When I was a young boy I used to devour books, and often I read them first. Many of the books I read were by and about prisoners of war in the Orient during World War Two. I was particularly impressed by accounts of English officers giving lectures on whatever they happened to know about, such as, for example, ornithology or philatelism or whatever. Anything that would give order to the lives of the men in the prison camps, that would boost their morale, anything that would keep them in touch with the lives they'd lead as British officers while their daily lives were spent in horror camps where murder was the norm, was to the good. Those men were adults, disciplined and independent of mind, stoic and brave.

School isn't always good. I went for lunch at a diner recently and, looking at what I got, I said to the waitress, "This looks like the food Mom use to give us. You remember Mom? He was the fat guy working the kitchen at reform school who smoked cigarettes and had the tattoo of 'mom' on his arm?"

But it was watching To Sir With Love that decided me on my life's ambition. I watched Sidney Poitier in London at a low-life working-class school putting in time till he got a job in his real profession, and how he came to love the work he did as a teacher that made me realize I wanted to be a Black guy. While I waited I became a school teacher instead.

I got fired from my first job because I saw the shy boy in the back of the room squirming and twisting till he finally got up the courage to raise his hand and say, "Sir?"

I put down my notes and looked at him and said, "Stand up, Johnny, and let me know what you'd like."

"Please, sir, I use the lavatory?"

"Alright Johnny, but first come here to the chalkboard and spell (xylophone)."

Hmph. Sacked for having a bit of fun with the lad. Unlike this monster.

Teacher told kids he'd cut off their heads, parent says

CanWest News ServicePublished: Wednesday, September 26, 2007

A Quebec school board won't comment on media reports that a Gatineau music teacher uttered threats to his Grade 4 students earlier this month.

Unable to control a loud classroom, the teacher reportedly threatened he would "bring a bat to class and break all their teeth and make a necklace out of them," the mother of one of the students told a radio station yesterday. She said the teacher further threatened to poison the students with arsenic and bring a chainsaw to class to "cut off their heads and hang them on the walls."

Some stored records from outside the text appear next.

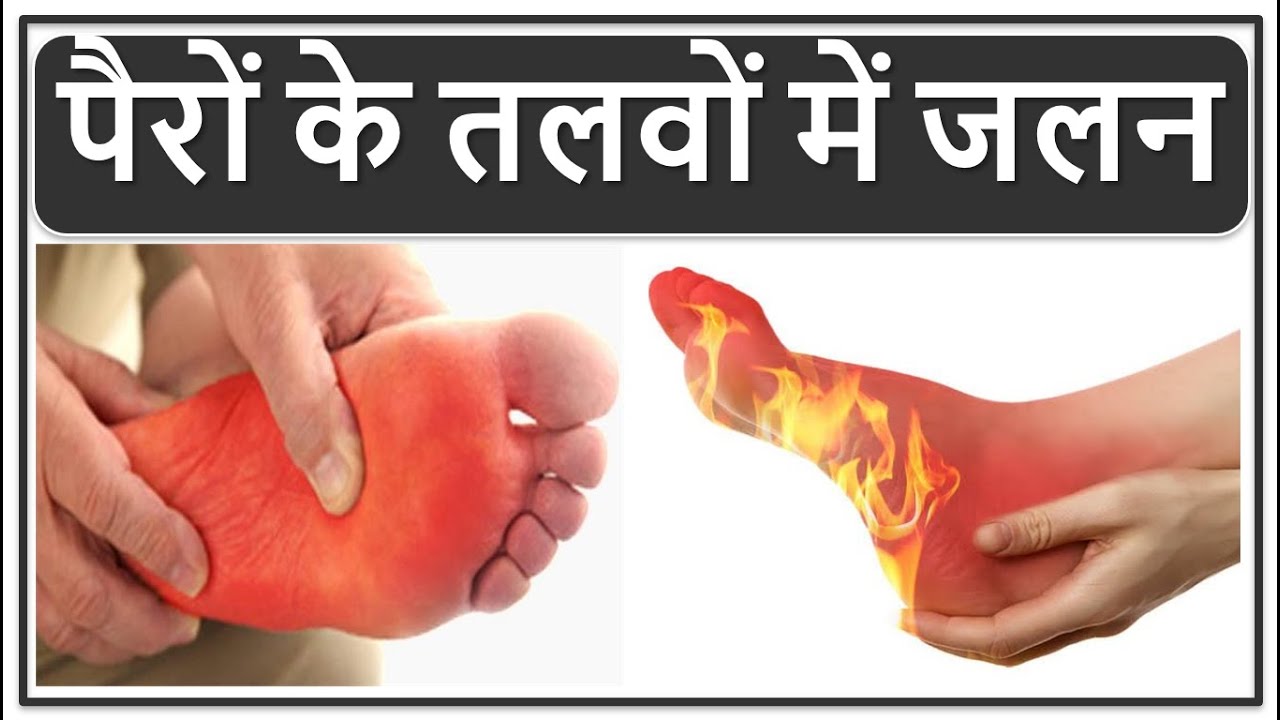 पैरों के तलवों में जलन का इलाज, पैरों में जलन होने से कौन सी बीमारी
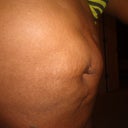 Hernia present!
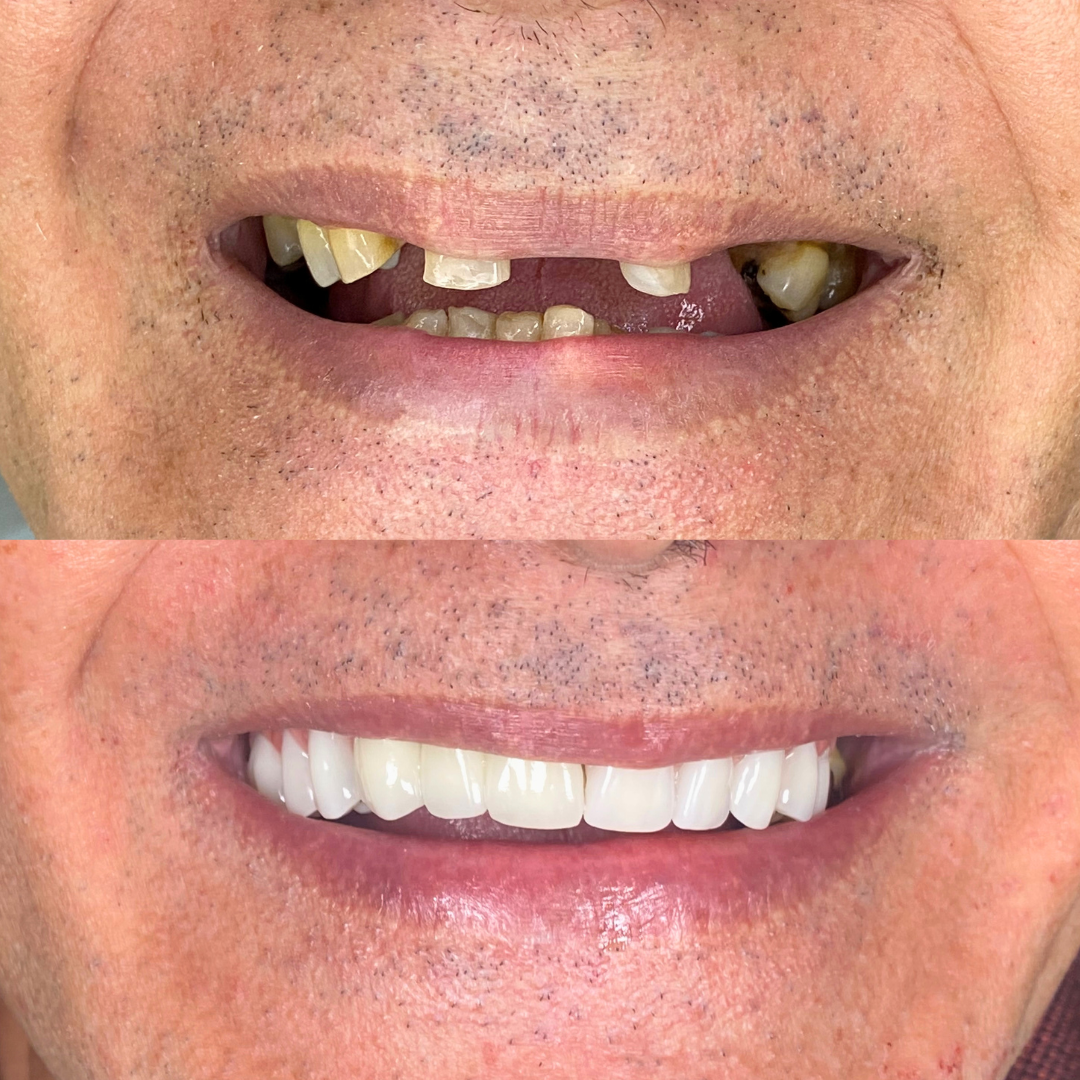 Prótese Parcial - Caso Clínico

The mother, who asked to remain anonymous, said that her child was now too scared to return to class.

Teacher told kids he'd cut off their heads, parent says

Oh, wait a minute. Do I or do I not recall just how easily school teachers can get all bent out of shape over the stupidest things? Like the teacher who found us doing something or other and had such a fit her false teeth flew out of her mouth and landed in the snow. We, being good kids, all "jumped in" to help her find them.

School is a lot of things, shifting and strange and becoming from moment to moment. It's never perfect. It's good for the most part, and even when it's not so good it should still be a learning experience. what it shouldn't be is a place to learn how to be a wimp who fears a funny guy teaching. If we'd had that guy teaching us we'd all be buskers in Time's Square today. What a loss to the world it is that we didn't have such a guy. Well, fa la la la la, as we say in French.

1 comment:

truepeers said...

They made me spell ukelele! And wouldn't let me piss until I also got the "May I/Can I go to the washroom" thing right. I see your kid was already too terrified to even role the dice on that one.